За долгую историю страны в Египте сменялись культуры, каждая из которых оставила свой след в искусстве и архитектуре. Архитектурный облик страны не менее мозаичен, чем облик самих египтян, среди которых можно встретить сильно отличающиеся друг от друга типы людей.

В XIX в. Каир еще был городом минаретов, куполов, ворот, виадуков и стен. Позволю себе еще раз обратиться к свидетельству И.А. Бунина:

«И на этом месте зачался “Победоносный”, Великий Каир.
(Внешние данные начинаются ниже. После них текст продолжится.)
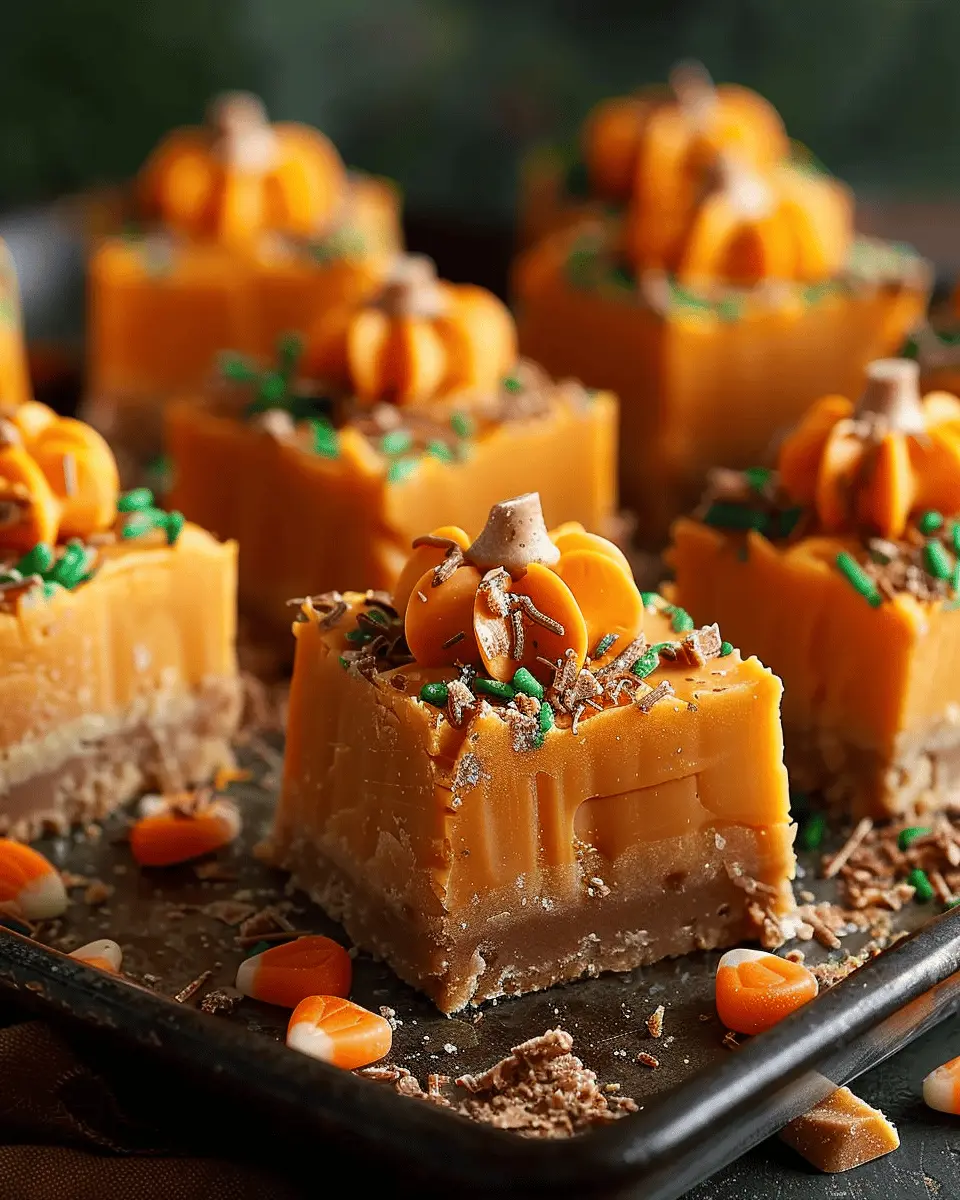 Halloween Pumpkin Patch Fudge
Его узкие, длинные и кривые улицы переполнены лавками, цирюльнями, кофейнями, столиками, табуретами, людьми, ослами, собаками и верблюдами. Его сказочники и певцы, повествующие о подвигах Али, зятя Пророка, известны всему миру. Его шахматисты и курильщики молчаливы и мудры. Его базары равны шумом и богатством базарам Стамбула и Дамаска. Главное же то, что в Каире полтысячи мечетей и сотни тысяч могил в тишине пустынь, окружающих его. Мечети и минареты царят надо всем. Мечети плечисты, полосаты, как абаи, все в огромных и пестрых куполах-тюрбанах. Минареты узорны, высоки и тонки, как пики. Это ли не сарацинская старина? Стары и погосты его, стары и голы. Там, среди усыпальниц халифов, среди усыпальниц мамелюков и вокруг полуразрушенной мечети Амру, похожей на громадную палатку, – вечное безмолвие песков и несметных рогатых бугорков из глины, усыпляемое жалобной песнью пустынного жаворонка или пестрокрылых чеканок…».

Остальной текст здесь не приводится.